Movies, Books and Comics from the '30's


Of Mice and Men

Of Mice and Men by John Steinbeck was a very popular piece of literature among the people of this era. It really appealed to the people of this era because the main character is a migrant, uneducated farmer and it won the Nobel Prize for Literature in 1937 (Telgen 240-262).

The Hobbit

The Hobbit, written by J.R. R. Tolkien, is about the quest of a Hobbit through beautiful countrysides to fiery devilish lands. This book often appealed to the more juvenile generation and won the Carnegie Medal in 1937 as well. It was written in the trenches of World War 1 (Napierkowski and Stanley 94-113) .


Gone With the Wind

Gone with the Wind was originally written as a book by Margaret Mitchell, but then adapted into a movie in 1939 by producer David O' Selznick. The movie and the book are about the love life of Scarlett O' Hara during the Civil War (Grant 321-328).

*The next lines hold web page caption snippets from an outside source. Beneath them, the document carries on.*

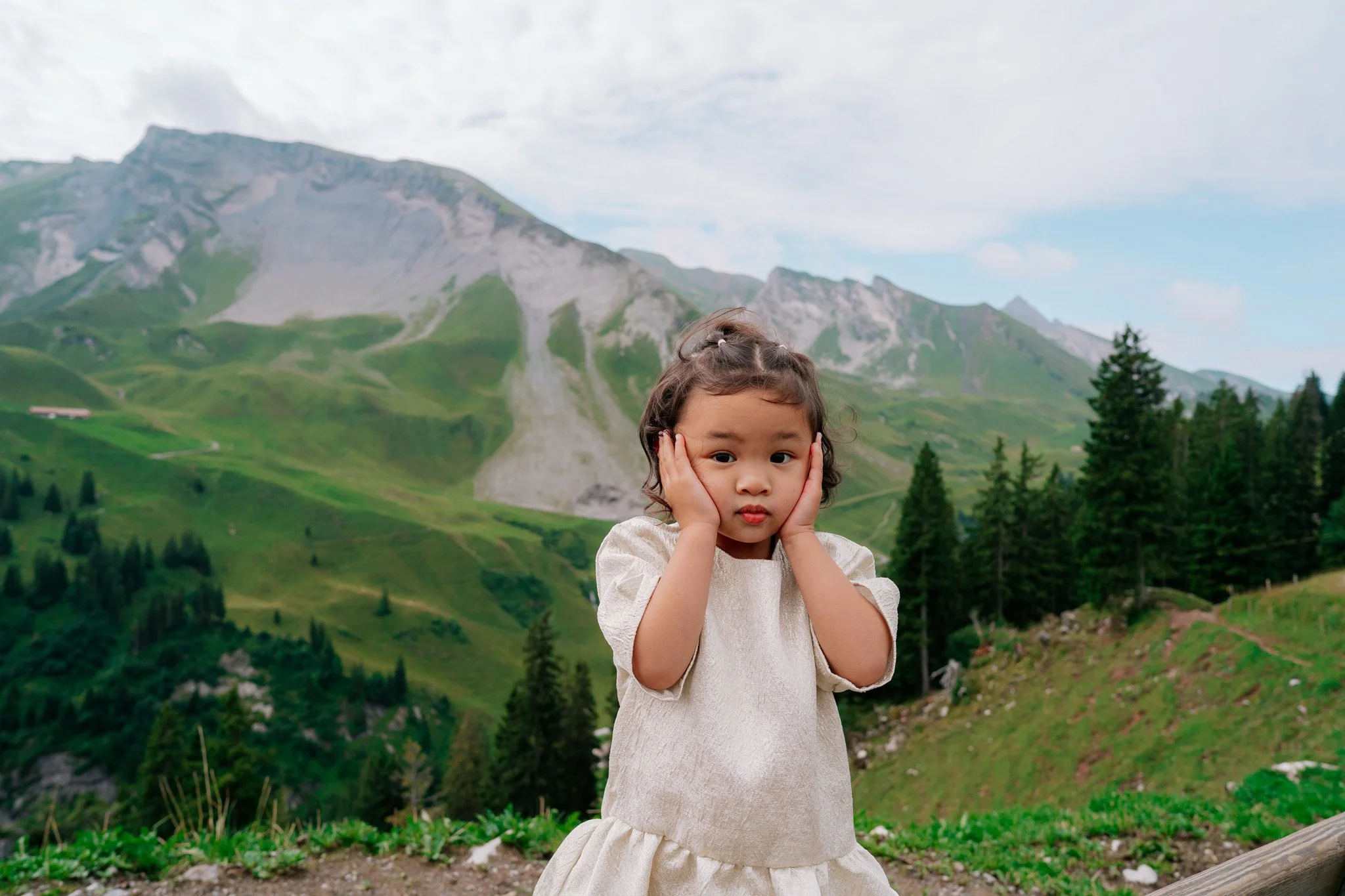 A young girl in a beige dress covering her ears with her hands stands outdoors with a mountainous landscape in the background. Family photoshoot in Switzerland.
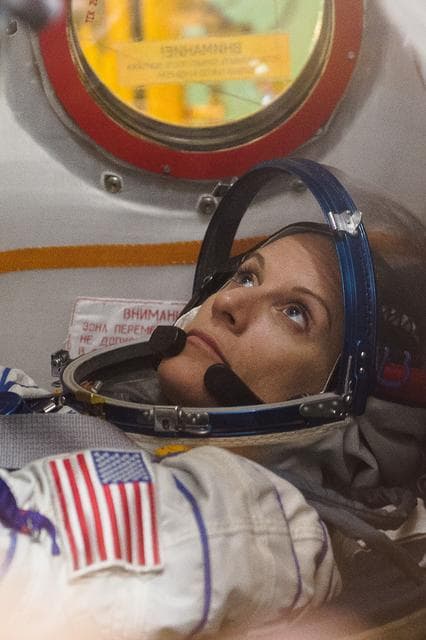 NASA image: In the Integration Facility at the Baikonur Cosmodrome in Kazakhstan, Expedition 48-49 crewmember Kate Rubins of NASA conducts a �ޔfit check��� familiarization aboard the Soyuz MS-01 spacecraft June 25 as part of the preparations for launch with Anatoly Ivanishin of Roscosmos and Takuya Onishi of the Japan Aerospace Exploration Agency on July 7, Baikonur time for a planned four-month mission on the International Space Station...GCTC/Andrei Shelepin.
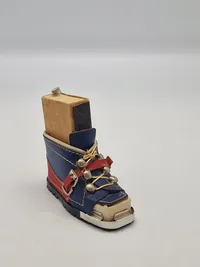 miniature af en skistøvle, der fungerer som en holder til en æske tændstikker og en lille ishakke.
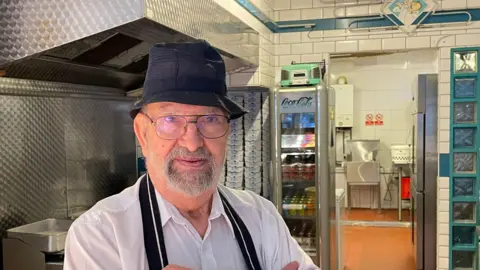 John Paniyas in a white shirt, a black apron and black hat stands in front of frying equipment.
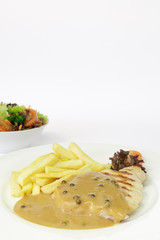 Schweinesteak mit Pfeffersoße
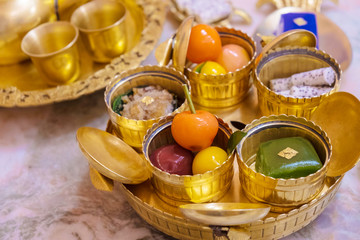 Thai desserts in golden cups served on golden platter
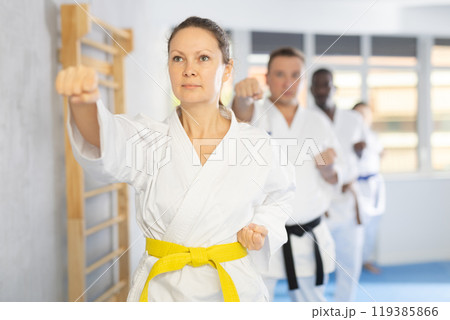 Women and men in kimono in fight stance during group karate training 119385866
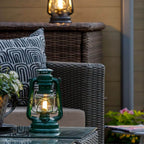 Feuerhand LED Laterne Baby Special 276 auf einem Tisch im Garten, moderne LED-Technologie kombiniert mit traditionellem Design.
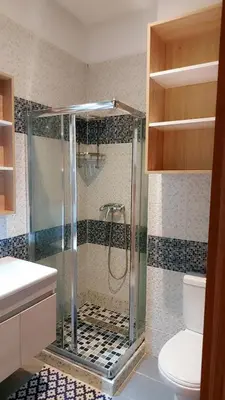 a bathroom with a shower and a toilet at Appartement Costa Bouznika in Bouznika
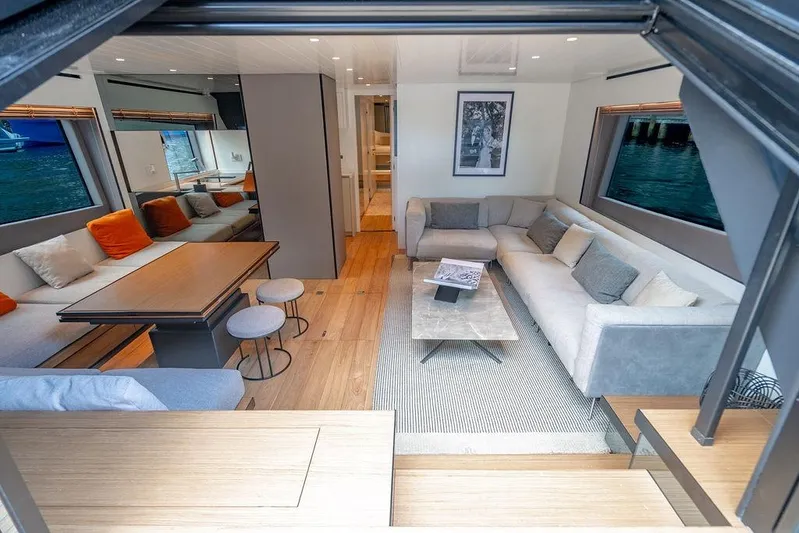 Snack Money Yacht Photos Pics Luxurious interior of 2023 Bluegame BG 72 yacht with modern seating and elegant decor.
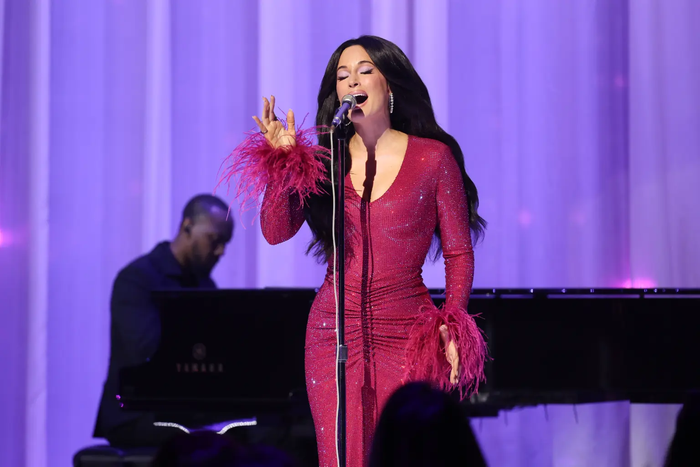 Kacey Musgraves xuất hiện trên sân khấu trong chiếc váy sequin màu hồng nổi bật với phần tay áo đính lông vũ.&nbsp;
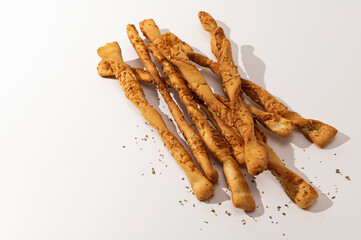 Grissini, bread sticks on a white background, place for text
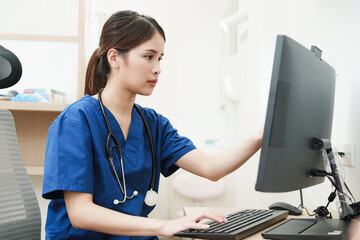 Portrait of smiling Southeast Asian nurse in blue uniform sitting at computer desk in bright modern...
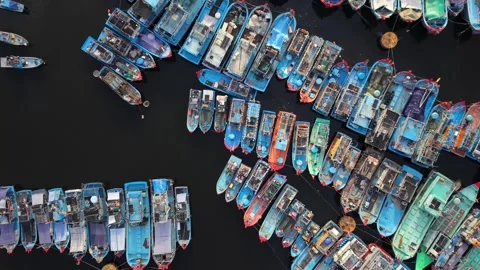 Top down drone orbit of colorful fishing boats in Da Nang, Vietnam 動画素材 340874444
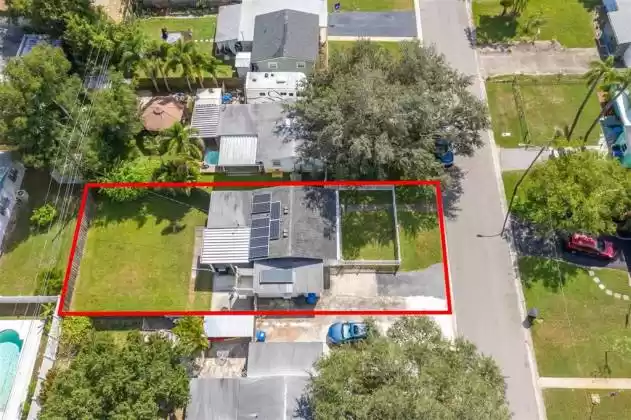 This aerial view shows a nice yard. And notice your solar panels on both the garage and home- Credit every month on your Duke Energy bill!! And remember, those solar panels have already been paid off in full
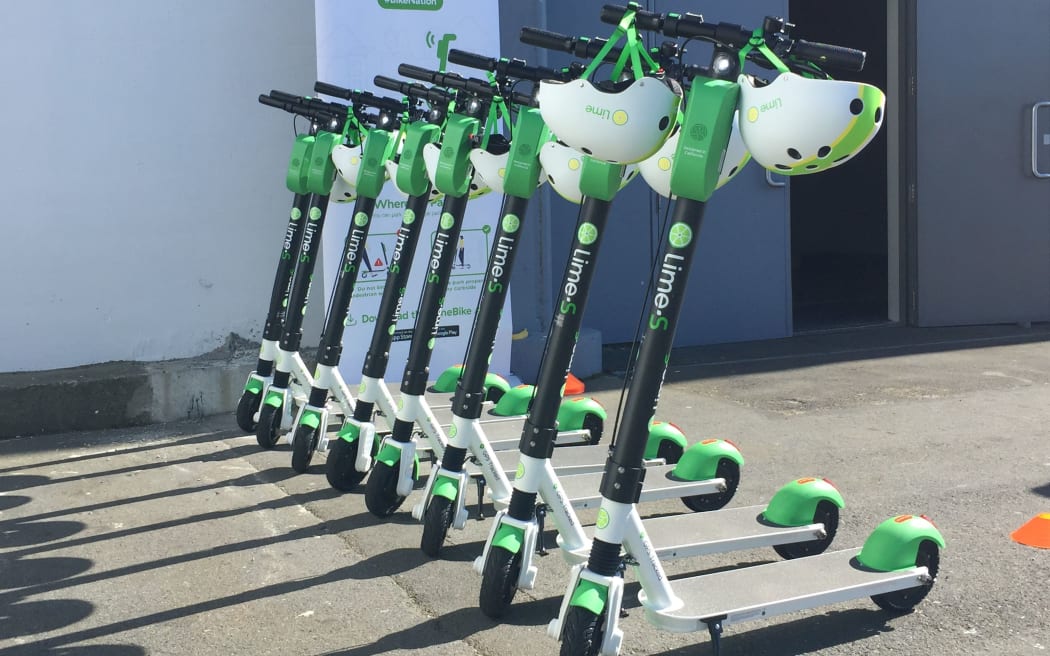 Rack 'em up: Lime scooters for hire outside the TraffiNZ conference on Wellington's waterfront this week - as part of a charm offensive in the capital.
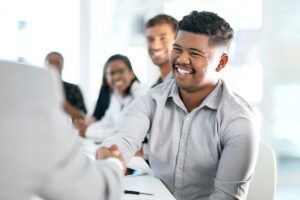 Man shaking hands with another person
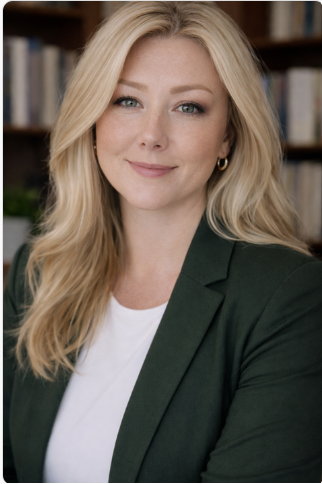 Sheryl Davis Matthews. Blonde woman smiling, wearing a black blazer and white shirt.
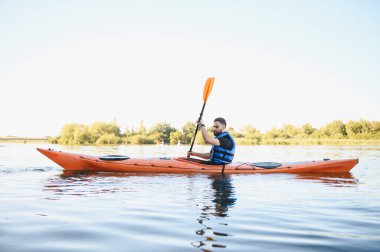 Huzurlu bir nehirde kanoyla kürek çeken bir adam, doğanın güzelliğinin ortasında aktif bir eğlence ve yaz güneşini kucaklıyor.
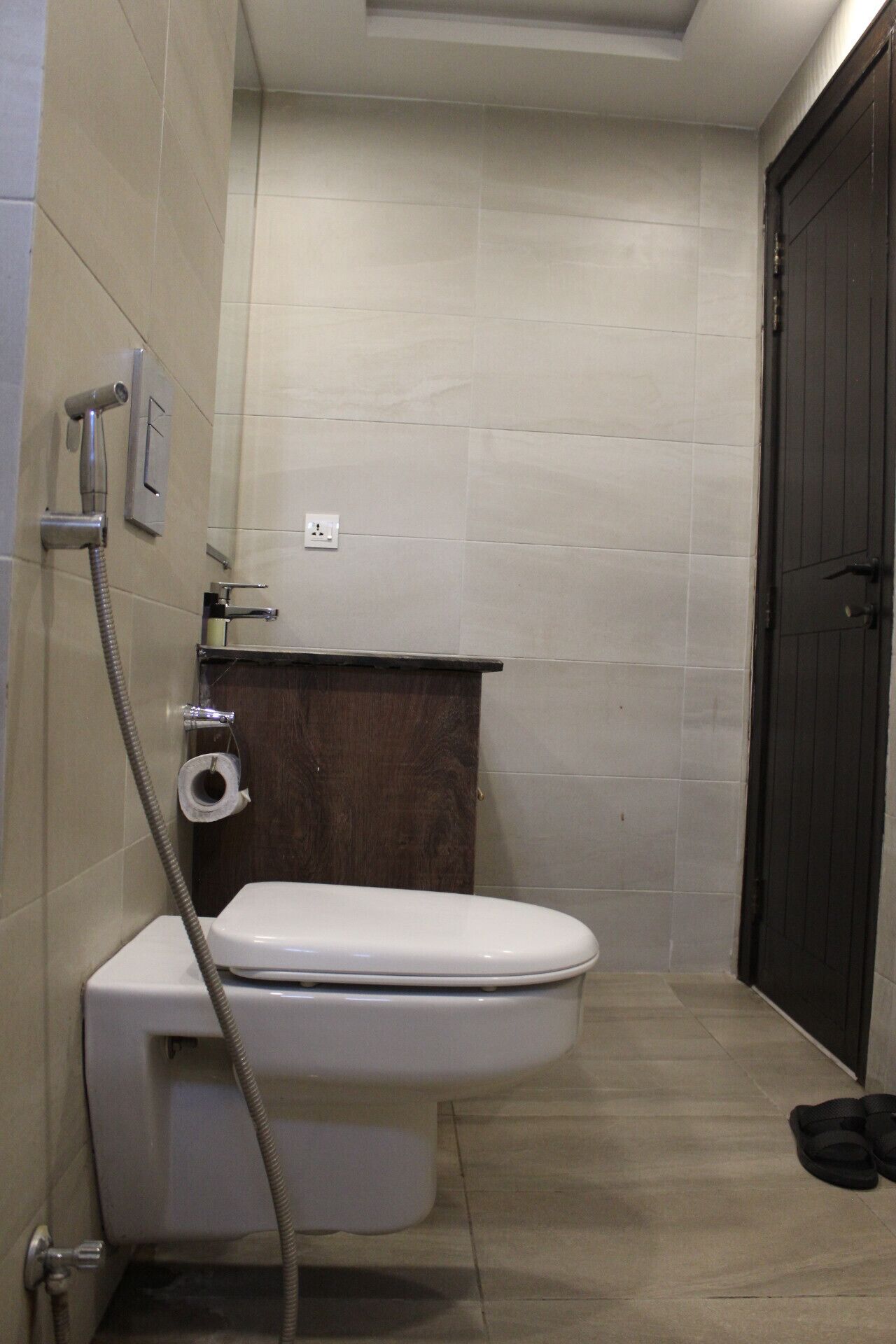 Un baño pequeño con inodoro, ducha y un mueble de madera oscura.
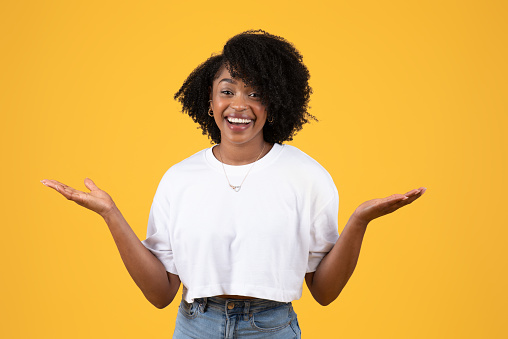Happy surprised young black curly woman in white t-shirt spread arms to sides, hold empty space, isolated on orange background, studio. Choose, lifestyle, ad and offer, human emotions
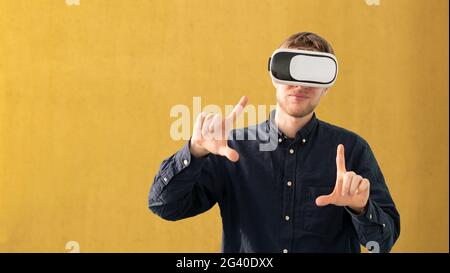 young man using futuristic virtual reality glasses, vr technology Stock Photo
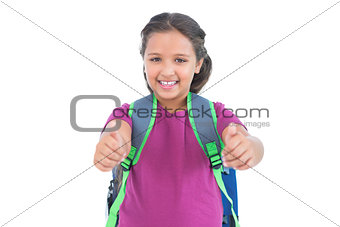 Smiling little girl with book bag does thumbs up at camera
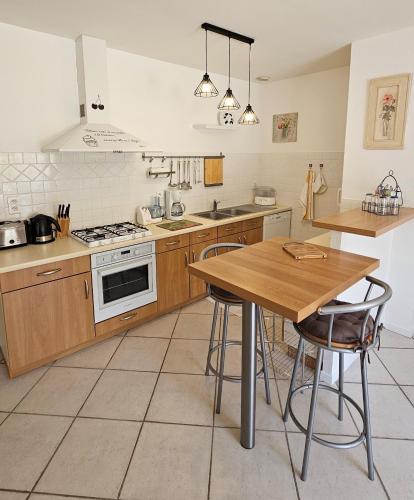 a kitchen with wooden cabinets and a table with chairs at Appartement 1 Maison Régis in Conques-en-Rouergue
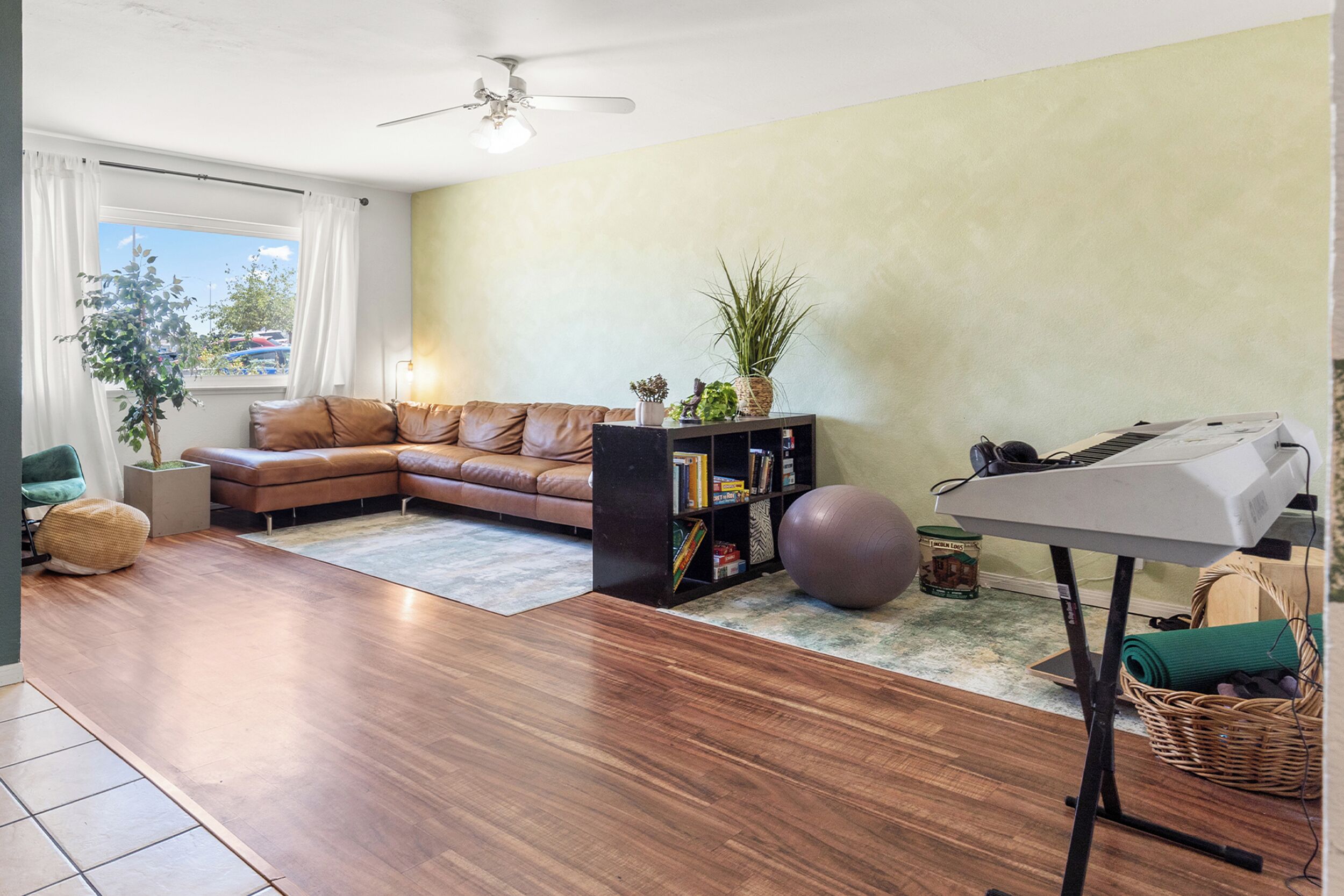 A living room with a brown leather sofa, a bookshelf, a plant, a yoga ball, and a piano.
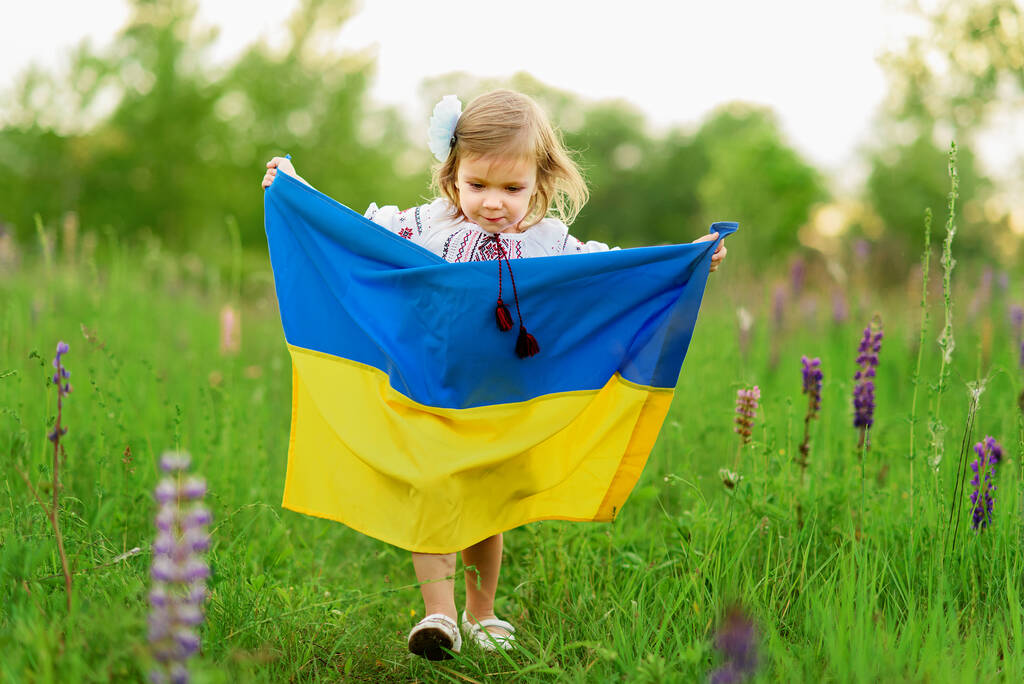 Dziecko nosi trzepoczącą flagę Ukrainy na polu. Dzień Niepodległości Ukrainy. Dzień Flagi. Dzień Konstytucji. Dziewczyna w tradycyjnym hafcie z flagą Ukrainy - Zdjęcie, obraz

Frankenstein is a 1930's horror film based on the novel by Mary Shelly. It was followed by multiple sequels and has become one of the most famous early horror films over the years. ("Wiki")




The Superman character was invented by Jerry Siegel and Joe Shuster and sold to Detective Comics, Inc. (later to become DC) in the year 1938. Superman's arch enemy is Lex Luthor and his secret identity is Clark Kent (Baughman et al.).

Flash Gordon

Flash Gordon was created by Alex Raymond in 1934 and it originated around the idea of a hero of early sci-fi. The comic strip follows Flash Gordon and his multitudes of exciting adventures ((Baughman et al.).